Mau kritisiert auch die Formulierung, dass ein Teil Menschen in der Demokratie nicht „angekommen“ sei. Das sei nicht richtig. „Die Wahlbeteiligung nach der Friedlichen Revolution war unglaublich hoch. Aber offenbar waren die Parteien nicht in der Lage ihre Bindewirkung zu entfalten, viele sind enttäuscht worden.“

„Pegida oder Querdenkern Dialogangebote gemacht“

Der Göttinger Parteienforscher Michael Lühmann wirft der CDU vor, für die politische Kultur im Osten mitverantwortlich zu sein. „Die DDR hat vor allem die Punks verfolgt und versucht, rechte Gewalt totzuschweigen – das durfte es in einem antifaschistischen Staat nicht geben. Diese Strategie wurde nach ’89 von der CDU übernommen“, meint er. Die CDU habe vor Linken gewarnt, während rechte Umtriebe kleingeredet wurden. So habe Biedenkopf erklärt, die Sachsen seien immun gegen Rechtsextremismus. „Auch in den letzten Jahren wurde der sogenannte Linksextremismus vehement bekämpft, während Pegida oder Querdenkern Dialogangebote gemacht wurden.“

Insgesamt kristallisieren sich drei große strategische Probleme heraus, die die CDU heute im Osten hat – und die mit der Stärke der AfD zusammenhängen. Erstens: das Koalitionsdilemma. Besonders gut zu besichtigen ist das in Sachsen-Anhalt. Wie in Thüringen oder Sachsen ist die CDU dort besonders konservativ. Sie koaliert in Magdeburg aber notgedrungen seit 2016 mit SPD und Grünen. „Wenn man eine konservative Politik vertreten will, aber durch die numerischen Umstände dazu gezwungen wird, mit linken Parteien zu regieren und deshalb Kompromisse machen muss – dann enttäuscht man den konservativen Teil der eigenen Wählerschaft“, sagt Parteienforscher Niedermayer. „Nehmen Sie nur die Bauern: Wenn die in Sachsen-Anhalt die CDU gewählt haben, dann haben sie eine grüne Landwirtschaftsministerin bekommen, mit der es viele Konflikte gibt.“ Je weniger die CDU gewählt werde, desto schwieriger werde dann aber wiederum die Koalitionsbildung.

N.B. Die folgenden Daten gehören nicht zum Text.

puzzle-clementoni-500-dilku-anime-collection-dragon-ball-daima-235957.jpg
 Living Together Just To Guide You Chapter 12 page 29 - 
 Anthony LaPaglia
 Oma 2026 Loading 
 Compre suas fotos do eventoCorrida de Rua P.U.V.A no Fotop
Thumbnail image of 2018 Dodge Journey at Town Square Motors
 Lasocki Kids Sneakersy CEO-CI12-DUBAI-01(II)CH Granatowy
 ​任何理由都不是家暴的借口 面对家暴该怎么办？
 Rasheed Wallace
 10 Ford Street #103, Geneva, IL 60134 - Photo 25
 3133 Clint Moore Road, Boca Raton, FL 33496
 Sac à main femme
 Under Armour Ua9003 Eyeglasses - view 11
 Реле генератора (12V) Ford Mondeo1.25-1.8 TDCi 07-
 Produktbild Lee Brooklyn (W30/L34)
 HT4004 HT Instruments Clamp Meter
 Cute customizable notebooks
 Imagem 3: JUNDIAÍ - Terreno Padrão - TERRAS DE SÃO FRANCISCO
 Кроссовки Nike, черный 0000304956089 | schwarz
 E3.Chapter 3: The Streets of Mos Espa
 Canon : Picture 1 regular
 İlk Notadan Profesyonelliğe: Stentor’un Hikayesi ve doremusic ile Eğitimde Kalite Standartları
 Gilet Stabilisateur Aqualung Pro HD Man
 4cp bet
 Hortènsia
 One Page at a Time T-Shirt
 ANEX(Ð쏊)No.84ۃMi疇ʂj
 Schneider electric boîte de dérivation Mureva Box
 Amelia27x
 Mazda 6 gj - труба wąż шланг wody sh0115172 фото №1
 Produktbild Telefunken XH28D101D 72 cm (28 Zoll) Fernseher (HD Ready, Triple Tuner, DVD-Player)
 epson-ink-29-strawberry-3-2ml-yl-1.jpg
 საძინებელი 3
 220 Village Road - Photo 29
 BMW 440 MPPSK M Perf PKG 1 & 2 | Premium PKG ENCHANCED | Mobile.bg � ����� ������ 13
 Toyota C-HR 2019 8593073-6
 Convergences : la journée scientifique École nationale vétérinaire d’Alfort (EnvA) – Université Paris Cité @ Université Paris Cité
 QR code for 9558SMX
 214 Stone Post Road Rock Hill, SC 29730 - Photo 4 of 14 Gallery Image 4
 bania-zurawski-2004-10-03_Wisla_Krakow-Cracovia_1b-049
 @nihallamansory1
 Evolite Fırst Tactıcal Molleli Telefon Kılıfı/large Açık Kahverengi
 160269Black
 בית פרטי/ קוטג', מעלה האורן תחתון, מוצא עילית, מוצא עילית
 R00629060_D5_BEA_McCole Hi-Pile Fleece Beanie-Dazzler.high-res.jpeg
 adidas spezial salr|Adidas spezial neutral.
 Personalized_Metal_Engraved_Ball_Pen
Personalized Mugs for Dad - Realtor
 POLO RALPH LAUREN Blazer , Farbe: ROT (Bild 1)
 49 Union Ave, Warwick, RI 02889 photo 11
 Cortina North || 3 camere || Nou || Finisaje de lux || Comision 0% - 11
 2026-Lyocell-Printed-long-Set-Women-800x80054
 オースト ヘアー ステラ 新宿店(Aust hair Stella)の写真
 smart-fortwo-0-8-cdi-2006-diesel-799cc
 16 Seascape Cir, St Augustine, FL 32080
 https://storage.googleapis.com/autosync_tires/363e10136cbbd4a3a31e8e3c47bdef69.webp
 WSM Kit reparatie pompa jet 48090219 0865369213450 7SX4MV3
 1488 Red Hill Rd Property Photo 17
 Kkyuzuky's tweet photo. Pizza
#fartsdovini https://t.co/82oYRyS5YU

„Es ist schwierig, das unter einen Hut zu bringen“

Das zweite Problem ist der Annäherungstrugschluss. Auf den ersten Blick erscheint es logisch, dass sich Wähler von der AfD zurückgewinnen lassen, wenn man sich der Partei annähert. Allerdings weisen Politikwissenschaftler immer wieder darauf hin, dass das Gegenteil der Fall ist. „Wer aber AfD-Positionen übernimmt, legitimiert sie und stärkt immer das Original“, sagt Lühmann. Die CDU sei dort besonders stark, wo sie ihr Heil in der Mitte suche. Auch viele CDU-Politiker im Osten sehen das mittlerweile so, Wanderwitz eingeschlossen. Der Ostbeauftragte hält es für „Irrsinn“, dass seine Partei in Südthüringen den umstrittenen Ex-Verfassungsschutzchef Hans-Georg Maaßen aufgestellt hat. Doch dort glaubt die CDU, so Wähler von der AfD zurückzugewinnen.

Das dritte Dilemma ist ein Strategiekonflikt. Im Westen sind der Hauptgegner der CDU die Grünen, im Osten ist es die AfD. „Es ist schwierig, das unter einen Hut zu bringen“, sagt Niedermayer. Auch Wahlkämpfer der CDU im Osten beklagen das. Niedermayer glaubt, es sei durchaus sinnvoll, wenn die CDU mit unterschiedlichen Themenschwerpunkten arbeite und ihre konservative Haltung im Osten stärker herausstelle. „Nicht im Sinne eines Rechtsrucks. Aber indem sie klar macht: Wofür steht eigentlich die CDU in Abgrenzung zur AfD?“ Genau das habe die Partei aber noch nicht ausreichend getan.